Available data:
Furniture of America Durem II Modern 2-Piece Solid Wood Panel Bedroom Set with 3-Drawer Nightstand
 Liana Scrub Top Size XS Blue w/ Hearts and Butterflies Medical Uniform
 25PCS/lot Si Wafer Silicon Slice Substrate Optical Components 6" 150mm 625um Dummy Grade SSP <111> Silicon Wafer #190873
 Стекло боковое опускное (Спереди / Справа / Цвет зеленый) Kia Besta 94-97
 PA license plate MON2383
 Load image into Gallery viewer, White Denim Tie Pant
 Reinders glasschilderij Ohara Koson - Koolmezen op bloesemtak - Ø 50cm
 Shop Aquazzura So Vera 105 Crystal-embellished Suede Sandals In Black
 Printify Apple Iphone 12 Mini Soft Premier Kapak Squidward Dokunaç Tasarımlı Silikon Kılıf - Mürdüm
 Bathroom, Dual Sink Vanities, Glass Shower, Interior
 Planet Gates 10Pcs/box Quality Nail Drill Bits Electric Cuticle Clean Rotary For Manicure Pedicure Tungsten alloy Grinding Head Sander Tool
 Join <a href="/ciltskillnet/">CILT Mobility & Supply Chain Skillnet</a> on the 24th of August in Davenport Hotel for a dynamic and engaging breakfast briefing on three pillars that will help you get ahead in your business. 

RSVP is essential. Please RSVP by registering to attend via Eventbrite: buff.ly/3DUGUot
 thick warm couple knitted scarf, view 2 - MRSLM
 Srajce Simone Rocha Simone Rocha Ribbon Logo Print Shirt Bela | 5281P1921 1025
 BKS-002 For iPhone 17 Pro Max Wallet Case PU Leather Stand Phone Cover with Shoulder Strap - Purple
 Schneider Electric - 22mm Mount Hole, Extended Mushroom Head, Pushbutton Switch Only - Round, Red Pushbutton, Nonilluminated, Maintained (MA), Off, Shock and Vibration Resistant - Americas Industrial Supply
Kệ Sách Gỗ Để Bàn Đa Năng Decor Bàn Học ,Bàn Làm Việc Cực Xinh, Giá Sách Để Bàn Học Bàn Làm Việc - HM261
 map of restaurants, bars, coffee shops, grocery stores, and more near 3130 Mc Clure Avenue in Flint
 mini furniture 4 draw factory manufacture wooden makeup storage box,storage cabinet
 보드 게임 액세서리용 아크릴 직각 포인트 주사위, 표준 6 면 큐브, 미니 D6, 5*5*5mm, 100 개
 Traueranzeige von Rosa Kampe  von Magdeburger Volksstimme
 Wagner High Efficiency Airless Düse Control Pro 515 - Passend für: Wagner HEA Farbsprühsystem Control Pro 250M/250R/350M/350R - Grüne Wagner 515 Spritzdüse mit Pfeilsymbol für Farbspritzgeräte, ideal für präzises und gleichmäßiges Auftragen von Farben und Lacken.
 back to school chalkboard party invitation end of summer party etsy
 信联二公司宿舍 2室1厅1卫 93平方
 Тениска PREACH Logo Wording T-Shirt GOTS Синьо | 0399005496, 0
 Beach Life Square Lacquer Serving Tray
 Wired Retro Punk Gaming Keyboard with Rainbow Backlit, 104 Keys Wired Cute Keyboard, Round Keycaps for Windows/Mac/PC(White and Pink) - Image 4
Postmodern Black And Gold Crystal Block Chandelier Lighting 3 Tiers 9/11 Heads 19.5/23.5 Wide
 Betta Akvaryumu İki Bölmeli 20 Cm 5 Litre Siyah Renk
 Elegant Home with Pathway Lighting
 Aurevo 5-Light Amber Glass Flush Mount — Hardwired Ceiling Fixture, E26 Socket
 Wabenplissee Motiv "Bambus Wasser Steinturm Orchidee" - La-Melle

Task item:
Could you type out every entry again exactly as it stands?

Response below:
Furniture of America Durem II Modern 2-Piece Solid Wood Panel Bedroom Set with 3-Drawer Nightstand
 Liana Scrub Top Size XS Blue w/ Hearts and Butterflies Medical Uniform
 25PCS/lot Si Wafer Silicon Slice Substrate Optical Components 6" 150mm 625um Dummy Grade SSP <111> Silicon Wafer #190873
 Стекло боковое опускное (Спереди / Справа / Цвет зеленый) Kia Besta 94-97
 PA license plate MON2383
 Load image into Gallery viewer, White Denim Tie Pant
 Reinders glasschilderij Ohara Koson - Koolmezen op bloesemtak - Ø 50cm
 Shop Aquazzura So Vera 105 Crystal-embellished Suede Sandals In Black
 Printify Apple Iphone 12 Mini Soft Premier Kapak Squidward Dokunaç Tasarımlı Silikon Kılıf - Mürdüm
 Bathroom, Dual Sink Vanities, Glass Shower, Interior
 Planet Gates 10Pcs/box Quality Nail Drill Bits Electric Cuticle Clean Rotary For Manicure Pedicure Tungsten alloy Grinding Head Sander Tool
 Join <a href="/ciltskillnet/">CILT Mobility & Supply Chain Skillnet</a> on the 24th of August in Davenport Hotel for a dynamic and engaging breakfast briefing on three pillars that will help you get ahead in your business. 

RSVP is essential. Please RSVP by registering to attend via Eventbrite: buff.ly/3DUGUot
 thick warm couple knitted scarf, view 2 - MRSLM
 Srajce Simone Rocha Simone Rocha Ribbon Logo Print Shirt Bela | 5281P1921 1025
 BKS-002 For iPhone 17 Pro Max Wallet Case PU Leather Stand Phone Cover with Shoulder Strap - Purple
 Schneider Electric - 22mm Mount Hole, Extended Mushroom Head, Pushbutton Switch Only - Round, Red Pushbutton, Nonilluminated, Maintained (MA), Off, Shock and Vibration Resistant - Americas Industrial Supply
Kệ Sách Gỗ Để Bàn Đa Năng Decor Bàn Học ,Bàn Làm Việc Cực Xinh, Giá Sách Để Bàn Học Bàn Làm Việc - HM261
 map of restaurants, bars, coffee shops, grocery stores, and more near 3130 Mc Clure Avenue in Flint
 mini furniture 4 draw factory manufacture wooden makeup storage box,storage cabinet
 보드 게임 액세서리용 아크릴 직각 포인트 주사위, 표준 6 면 큐브, 미니 D6, 5*5*5mm, 100 개
 Traueranzeige von Rosa Kampe  von Magdeburger Volksstimme
 Wagner High Efficiency Airless Düse Control Pro 515 - Passend für: Wagner HEA Farbsprühsystem Control Pro 250M/250R/350M/350R - Grüne Wagner 515 Spritzdüse mit Pfeilsymbol für Farbspritzgeräte, ideal für präzises und gleichmäßiges Auftragen von Farben und Lacken.
 back to school chalkboard party invitation end of summer party etsy
 信联二公司宿舍 2室1厅1卫 93平方
 Тениска PREACH Logo Wording T-Shirt GOTS Синьо | 0399005496, 0
 Beach Life Square Lacquer Serving Tray
 Wired Retro Punk Gaming Keyboard with Rainbow Backlit, 104 Keys Wired Cute Keyboard, Round Keycaps for Windows/Mac/PC(White and Pink) - Image 4
Postmodern Black And Gold Crystal Block Chandelier Lighting 3 Tiers 9/11 Heads 19.5/23.5 Wide
 Betta Akvaryumu İki Bölmeli 20 Cm 5 Litre Siyah Renk
 Elegant Home with Pathway Lighting
 Aurevo 5-Light Amber Glass Flush Mount — Hardwired Ceiling Fixture, E26 Socket
 Wabenplissee Motiv "Bambus Wasser Steinturm Orchidee" - La-Melle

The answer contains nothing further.